Oktoberfest – Germany’s annual beer festival – has a place on most bucket lists, and when you finally get the chance to dress up in your best leather lederhosen or busty drindl and swig your first ice-cold frothy-topped stein as the festival swirls around you, you soon realise it was on your list for many good reasons.

I embarked on the action-packed three-day Ultimate Oktoberfest excursion with Stoke Travel, who promise ‘party travel for the open minded international.’ Open minded, indeed; I soon discovered it’s impossible to spend three days sleeping in a tent at Oktoberfest without committing sins that no priest could absolve:


Oktoberfest without beer is like Romeo without Juliet, Chas without Dave, and Brad without Angelina. Oh, wait.

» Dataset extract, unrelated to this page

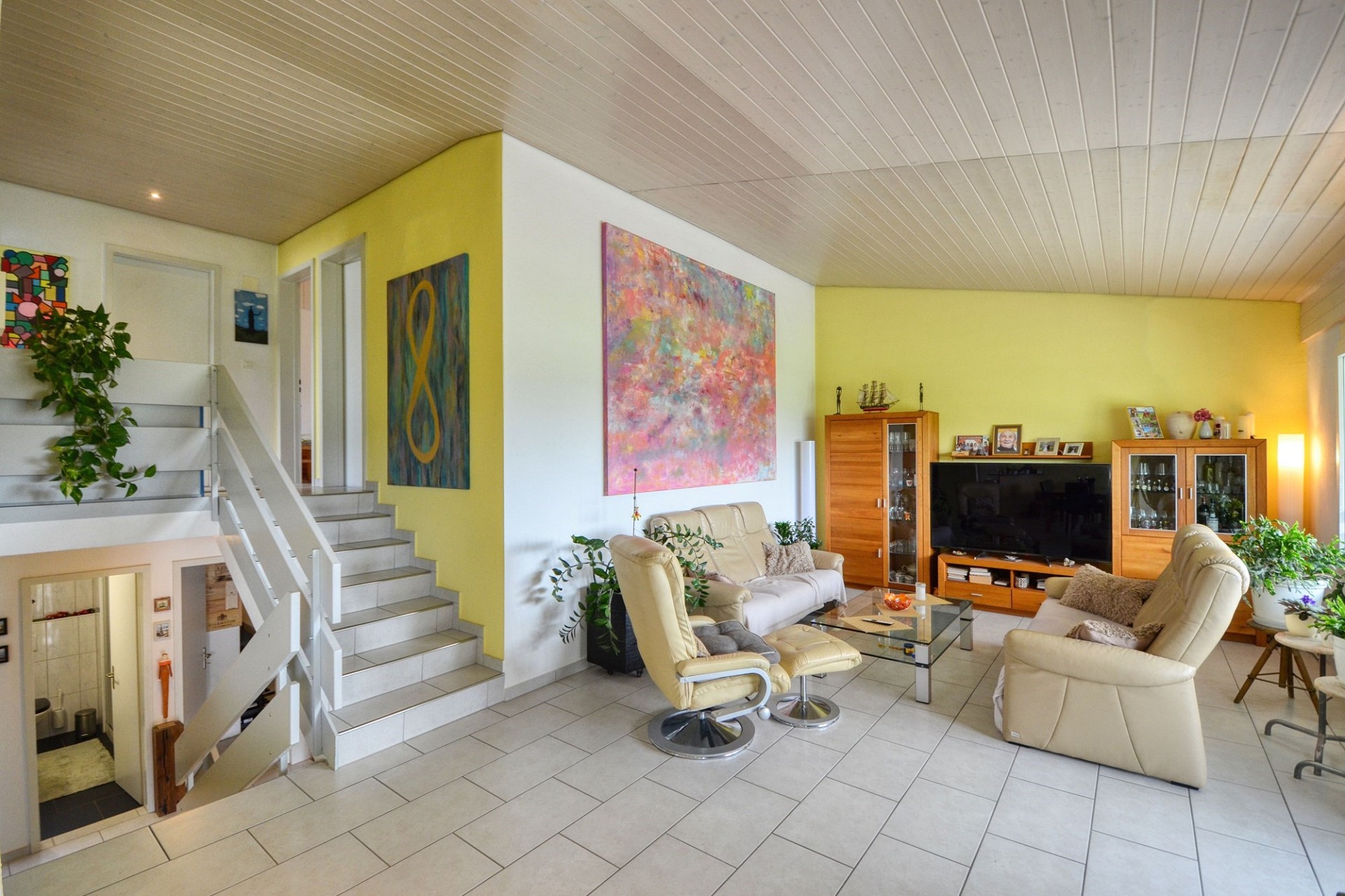Helles Wohn-Esszimmer mit Treppe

If you’ve been drinking all day and don’t want to stop when the beer halls close, Stoke Travel has your back with their infamous 10 euro a day all-you-can-drink beer and sangria once you get back to camp, and when they say all you can drink they really mean it. So whether you’re in the grand beer halls themselves, partying on until the morning comes, or simply off to get breakfast, you are never far from that sweet nectar of the gods.


How would you like extra pork with your pork and pork crackling roll? Oktoberfest is not particularly Kosher, and whether you’re tucking into one of the sumptuous pork knuckles with dumplings and gravy or just meandering down the festival avenues tucking into a half metre Bratwurst, you’ll feel justified in ordering such piggy deliciousness. After all, half the enjoyment is just attempting to order the thing: “Kann ich habe eine knusprig gebratene schweinshaxe?”  Good luck!

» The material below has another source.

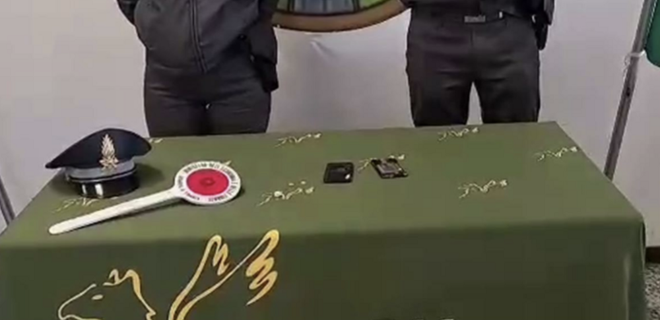 Al quiz della patente con il “trucco”: denunciato dalla Guardia di Finanza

As you wake up to the alcohol-perfumed interior of your tent, the usual ‘questionable life decisions’ will pop into your head: “Why did I think sangria beer pong was a good idea?” “Why was I persuaded to drink from my own shoe by the Stoke Travel bartender?”

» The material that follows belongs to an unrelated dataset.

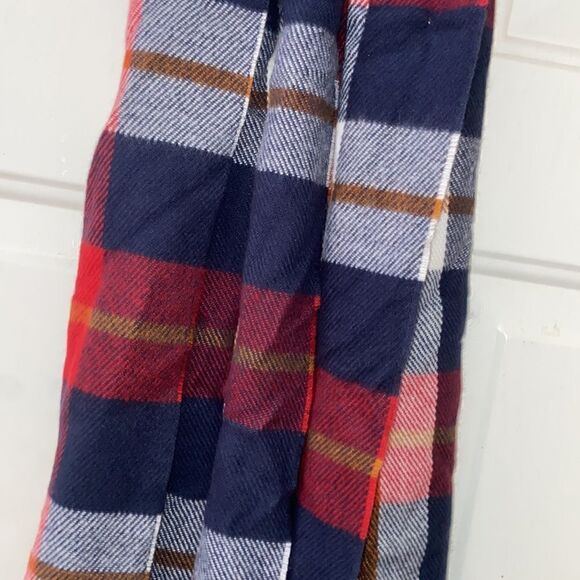 Old Navy Plaid Winter Scarf New with Tag - Picture 3 of 7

Then you remember it’s 9.30am; time for breakfast and a morning beer. You’ve earned it.


Why more Victoria Secret models aren’t wearing drindls is completely beyond me. Traditional folk clothing might not always be the sexiest, but after seeing how well the drindl can be pulled off (not to mention the mighty lederhosen!) I’m beginning to think it might be a good time to dust off my trusty Jacobean ruff and codpiece.


Technically this one is for your friends. After all, who doesn’t like to inspire a little envy once in a while?